- _EXERCISE_
Below is a block of entries, which should be copied verbatim apart from the pictures.
BEGIN LISTED RECORDS
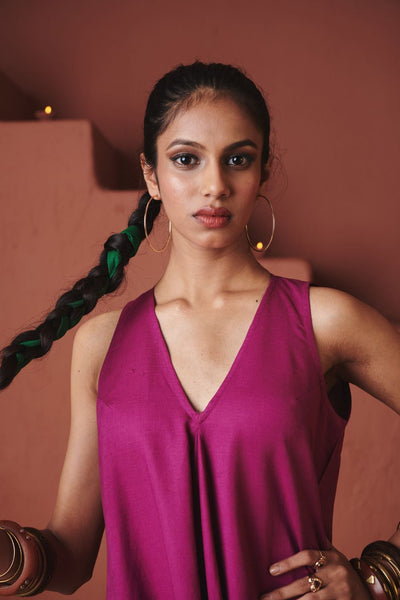 Orchid Co Linen Flared Dress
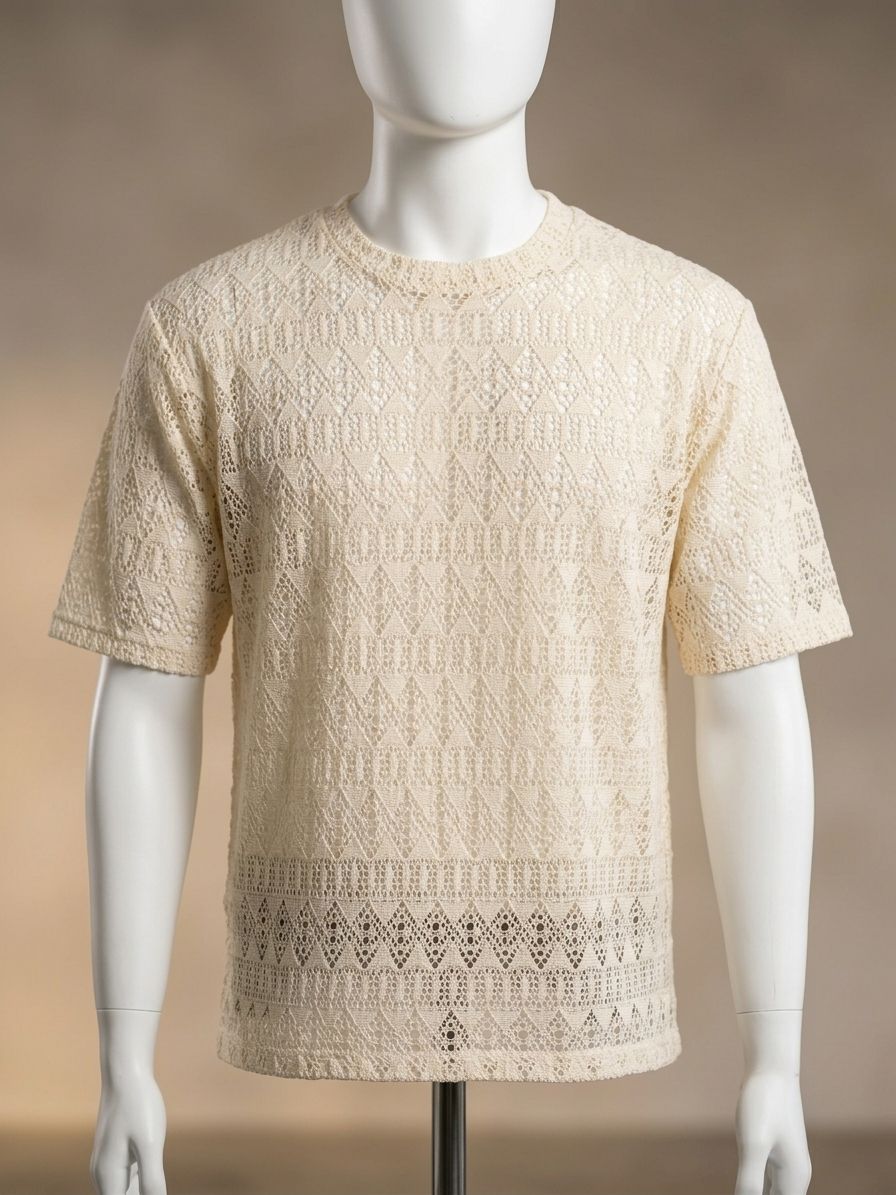 Aesthetic Knit Crochet Textured T-Shirt – Cream / Off-White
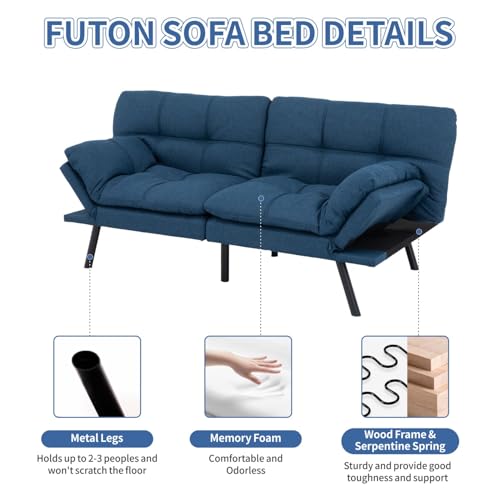 Black Faux Leather Futon Sofa Bed H352304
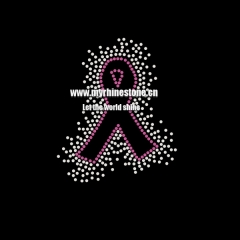 Pink Ribbon Iron on Rhinestone Transfer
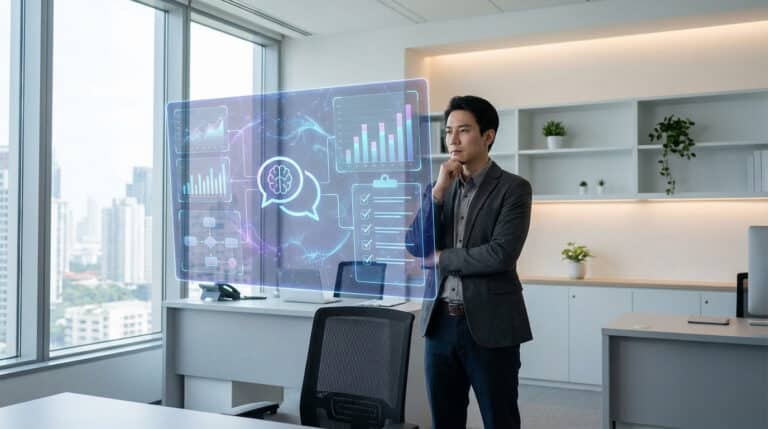 Un homme regarde un écran holographique affichant des graphiques de données et un icône de cerveau IA dans un bureau moderne.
END LISTED RECORDS
- _ANSWER BOX_
 Orchid Co Linen Flared Dress
 Aesthetic Knit Crochet Textured T-Shirt – Cream / Off-White
 Black Faux Leather Futon Sofa Bed H352304
 Pink Ribbon Iron on Rhinestone Transfer
 Un homme regarde un écran holographique affichant des graphiques de données et un icône de cerveau IA dans un bureau moderne.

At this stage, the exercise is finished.